[Records from a collection]
━━━━

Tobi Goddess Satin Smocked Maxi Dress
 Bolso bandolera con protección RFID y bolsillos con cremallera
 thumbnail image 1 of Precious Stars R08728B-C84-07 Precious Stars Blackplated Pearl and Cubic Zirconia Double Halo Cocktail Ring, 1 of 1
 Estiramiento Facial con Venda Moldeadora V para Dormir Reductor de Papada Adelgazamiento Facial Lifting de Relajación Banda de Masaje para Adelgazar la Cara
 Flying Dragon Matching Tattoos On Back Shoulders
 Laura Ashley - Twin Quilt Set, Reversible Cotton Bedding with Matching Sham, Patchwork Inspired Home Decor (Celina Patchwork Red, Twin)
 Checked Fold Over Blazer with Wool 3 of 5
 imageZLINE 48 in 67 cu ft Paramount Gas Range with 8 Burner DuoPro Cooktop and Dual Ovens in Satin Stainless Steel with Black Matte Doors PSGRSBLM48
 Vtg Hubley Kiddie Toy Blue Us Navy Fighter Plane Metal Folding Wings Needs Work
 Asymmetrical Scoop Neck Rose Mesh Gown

━━━━

Description of the task: Without leaving anything out, give the entries again exactly.

Answer section:
Tobi Goddess Satin Smocked Maxi Dress
 Bolso bandolera con protección RFID y bolsillos con cremallera
 thumbnail image 1 of Precious Stars R08728B-C84-07 Precious Stars Blackplated Pearl and Cubic Zirconia Double Halo Cocktail Ring, 1 of 1
 Estiramiento Facial con Venda Moldeadora V para Dormir Reductor de Papada Adelgazamiento Facial Lifting de Relajación Banda de Masaje para Adelgazar la Cara
 Flying Dragon Matching Tattoos On Back Shoulders
 Laura Ashley - Twin Quilt Set, Reversible Cotton Bedding with Matching Sham, Patchwork Inspired Home Decor (Celina Patchwork Red, Twin)
 Checked Fold Over Blazer with Wool 3 of 5
 imageZLINE 48 in 67 cu ft Paramount Gas Range with 8 Burner DuoPro Cooktop and Dual Ovens in Satin Stainless Steel with Black Matte Doors PSGRSBLM48
 Vtg Hubley Kiddie Toy Blue Us Navy Fighter Plane Metal Folding Wings Needs Work
 Asymmetrical Scoop Neck Rose Mesh Gown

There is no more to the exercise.